While I performed simple 1-hidden layer NN and convolutional NN, I successfully avoided any second-order methods of optimization and, thus, didn't compute Hessian matrix. However, then I got to Bayesian NN where, in order to optimize hyperparameters, a computation of Hessian is compulsatory.
In my fully connected network, there are 784 inputs, 300 hidden units, and 10 output units. All of those result in 238200 weights (+ biases). When I try to compute or even approximate Hessian (by outer product of gradients), Python notifies on "MemoryError". Even if I decrease the number of weights to ~40000 and no error message is displayed, my computer gets stuck after several minutes. As I understand, the problem is that the desirable matrix is extremely huge.

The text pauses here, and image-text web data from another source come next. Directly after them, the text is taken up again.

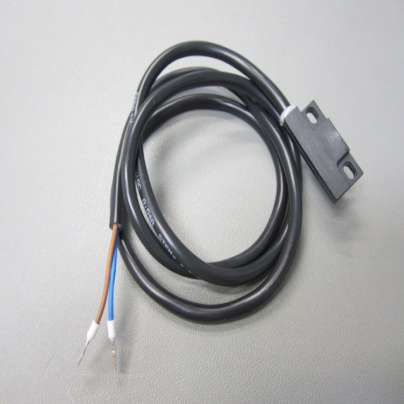 MAGNETIC MICROSWITCH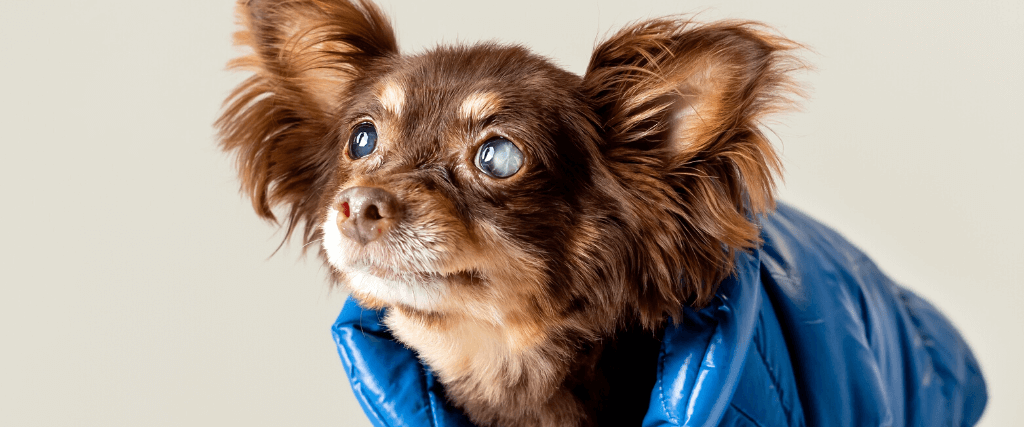 5 Reasons to Not Delay Treating Your Dog's Eye Problems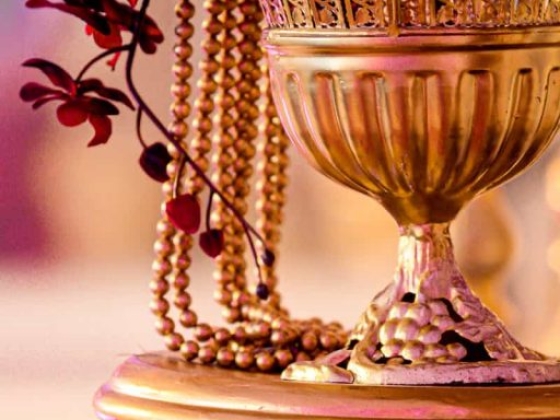 Naureen Khan Events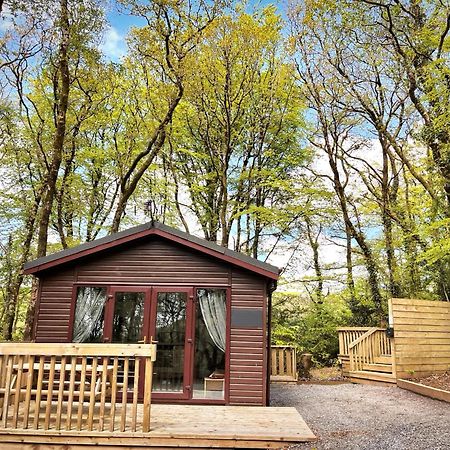 Woodland View -Hot Tub-Tenby-Carmarthen-St Clears Buitenkant foto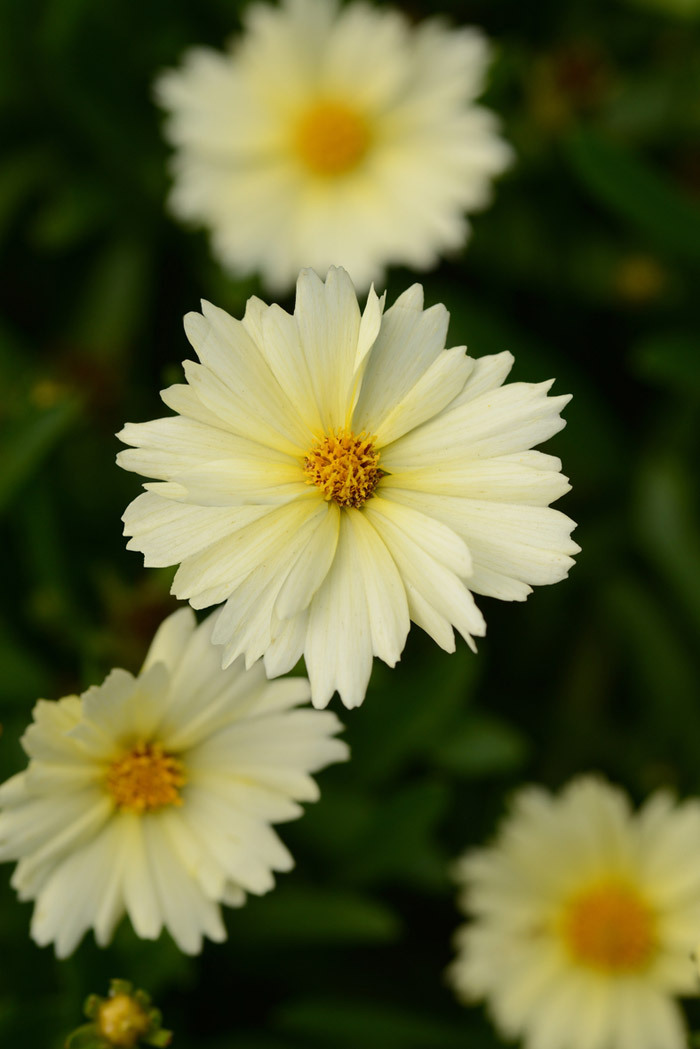 Nachyłek wielkokwiatowy 'UpTick Cream'| Coreopsis grandiflora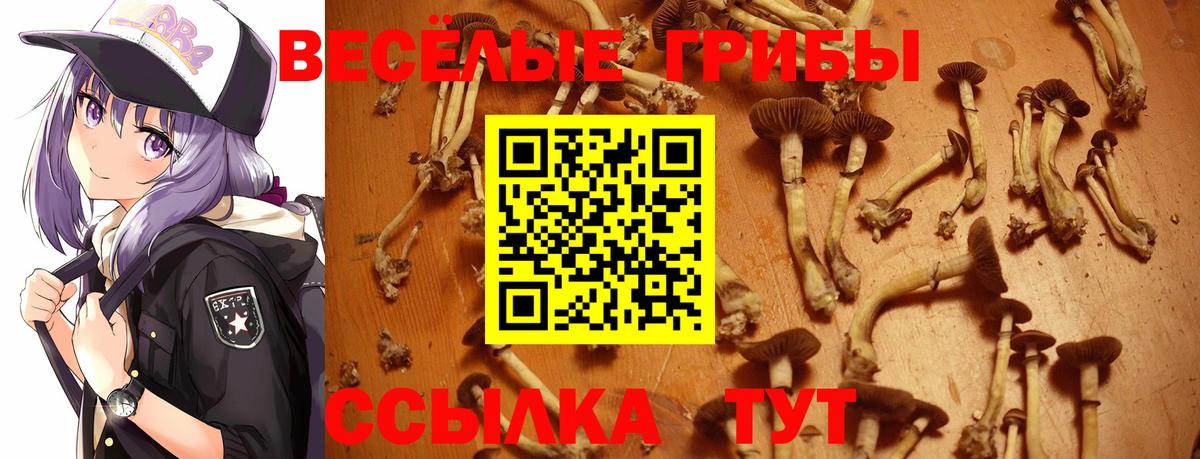 Псилоцибиновые грибы прущие грибы  Псилоцибиновые грибы Cubensis  Всеволожск  наркотики  Вход с VPN 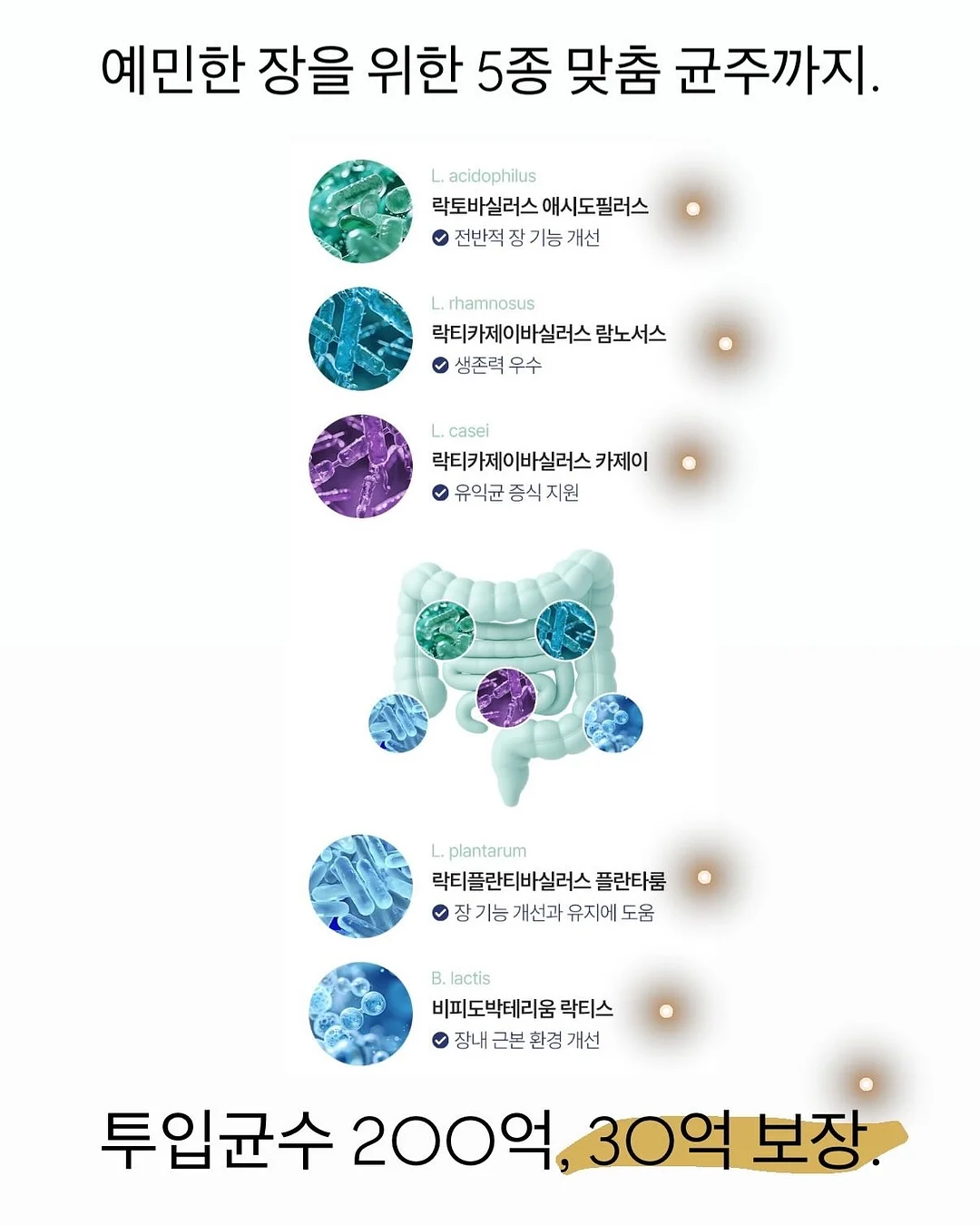 어른의 말하기 8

I looked through a couple of articles on Bayesian NNs and noticed that authors usually use network architectures of no more than 10 or 20 inputs and hidden units, thus having a lot fewer parameters than I have. However, I have not seen any explicit statements of such restrictions.
What can I do in order to apply Bayesian approach to NN for MNIST?
More generally: Is it possible to apply Bayesian approach with this (238200 weights) or even larger architecture? Or maybe it is suitable just for relatively small networks?
Upvotes: 2
Views: 811
Reputation: 4329
You could try the BFGS algorithm for gradient ascent, which approximates the Hessian and tends to save (considerable) memory. There's an implementation in Scipy.
Upvotes: 2